Raccontare in modo rigoroso ma accessibile a tutti, la storia e la vita nei campi profughi del territorio di Trieste, da Punta Sottile a Muggia al Villaggio del Pescatore di Duino: è questo il filo conduttore della mostra “Città nascoste. Atlante dei campi profughi di Trieste” (1947-1975), inaugurata al Museo d’arte moderna “Ugo Carà” di Muggia.
Attraverso foto, testimonianze e pannelli esplicativi, i visitatori potranno seguire le vicende che hanno portato migliaia di esuli nei campi dell’area di Trieste, un flusso iniziato con la nota bipartita dell’8 ottobre 1953, con cui i governi di Stati Uniti e Gran Bretagna annunciavano la volontà di consegnare la Zona A all’Italia, ma anche di lasciare la Zona B sotto amministrazione jugoslava.
La situazione che fece aumentare l’afflusso di profughi nel capoluogo giuliano, un processo che culminò nel 1956, quando ci furono quasi trenta centri in funzione simultaneamente, realizzati in alloggi pubblici e scuole, case private e alberghi requisiti, fabbriche in disuso, caserme, campi di baracche ed edifici in muratura. Alcuni campi, come quello di Padriciano che ospitò più di 3.400 persone nelle baracche, divennero delle vere e proprie città, spesso però dimenticate e nascoste, luoghi in cui i triestini non potevano entrare e di cui gli stessi abitanti parlavano a fatica.
Curatore della mostra, che sarà visitabile fino al 16 febbraio, è lo storico muggesano Francesco Fait. “La mostra – spiega – è un Atlante dei campi profughi del territorio di Trieste, che dalla fine degli anni 40 fino alla metà degli anni 70 furono più di 50. Si parla di campi, ma con un'accezione che travalica il senso preciso del concetto di campo, intendendo questi luoghi anche come strutture destinate all'accoglienza degli esuli istriano dalmati, come alberghi requisiti, caserme, scuole, insomma tutte strutture che vennero messe eccezionalmente a disposizione di questo flusso di persone”.
“È una mostra storico documentaria – aggiunge -, di tipo grafico, che racconta da un lato, da un punto di vista molto tecnico il fenomeno, ci sono delle carte, delle mappe, quindi una sorta di cartografia dell'emergenza di quegli anni, mentre la seconda parte della mostra è estremamente umana, cioè, raccoglie le testimonianze delle persone che hanno vissuto quei momenti e quelle situazioni, e anche le foto tirate fuori dai cassetti di casa, le cosiddette foto vernacolari, cioè dialettali.

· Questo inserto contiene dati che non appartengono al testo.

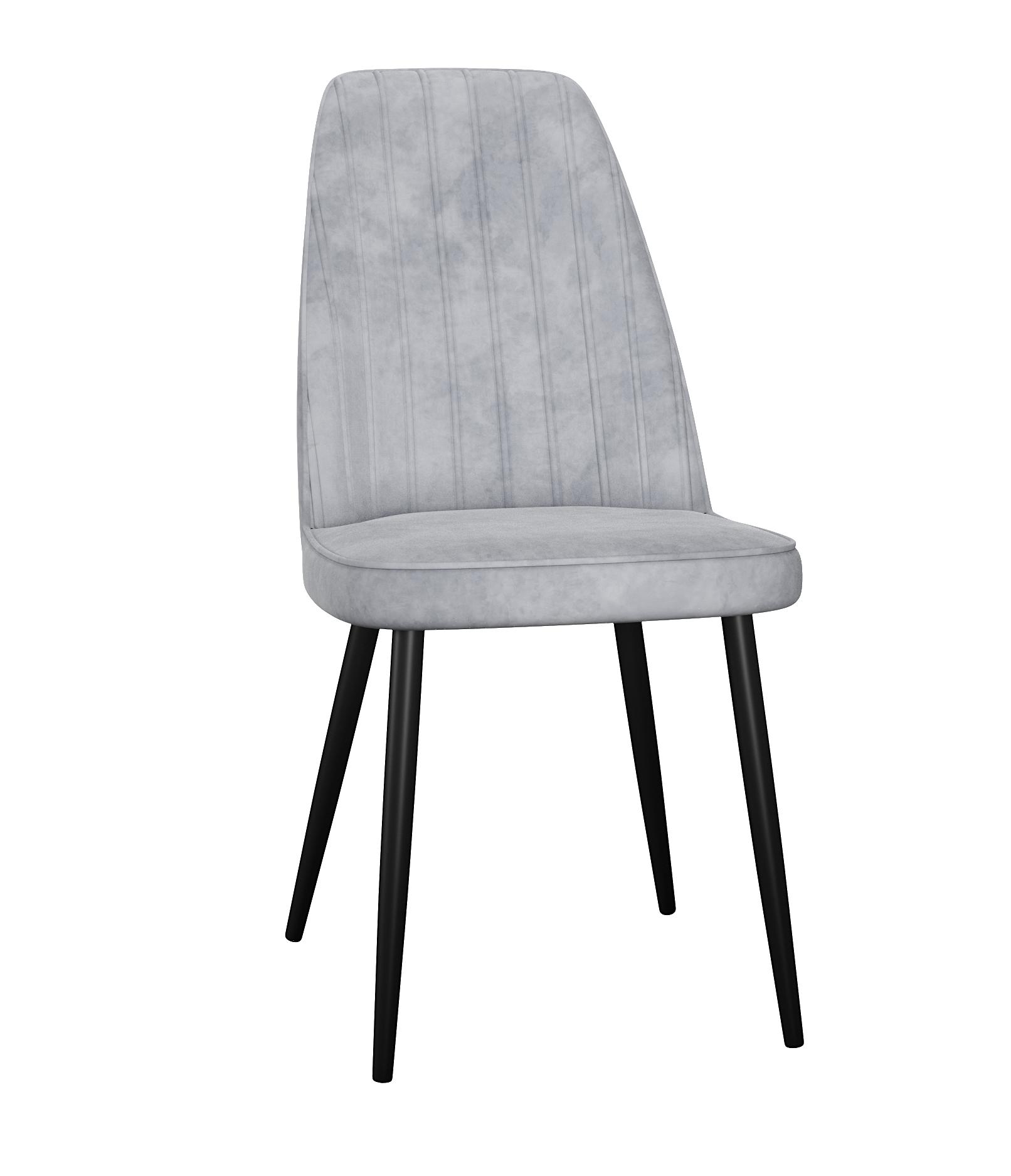 

Стул DikLine B22 GREY, ножки черные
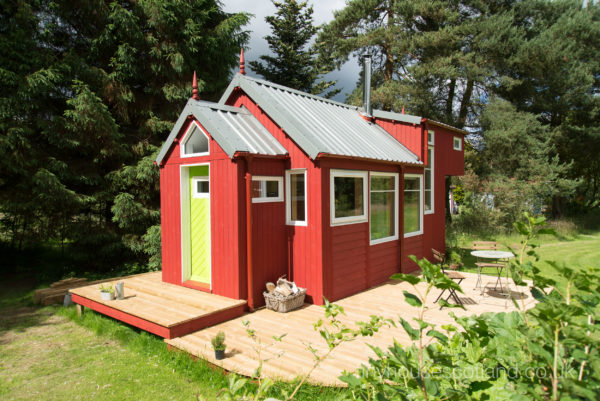 Desain rumah kecil yang fungsional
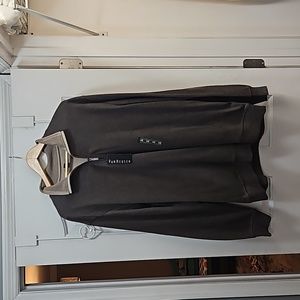 Mens Van Heusen 1/4 zip sweater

Sono quelle che sono state scattate dai familiari, e che ci raccontano per immagini quel fenomeno così complesso e anche importante da tutti i punti di vista”.
La mostra è stata realizzata dal Centro di Documentazione Multimediale della cultura giuliana, istriana, fiumana e dalmata con il Comitato provinciale di Trieste dell’Associazione Nazionale Venezia Giulia e Dalmazia, in collaborazione con FederEsuli, Archivio di Stato di Trieste, Comune di Muggia e Assessorato alla Cultura, e, alla fine del 2025, è prevista anche la pubblicazione di un volume, che raccoglierà i contenuti creando un vero e proprio Atlante dei campi profughi nell’area di Trieste.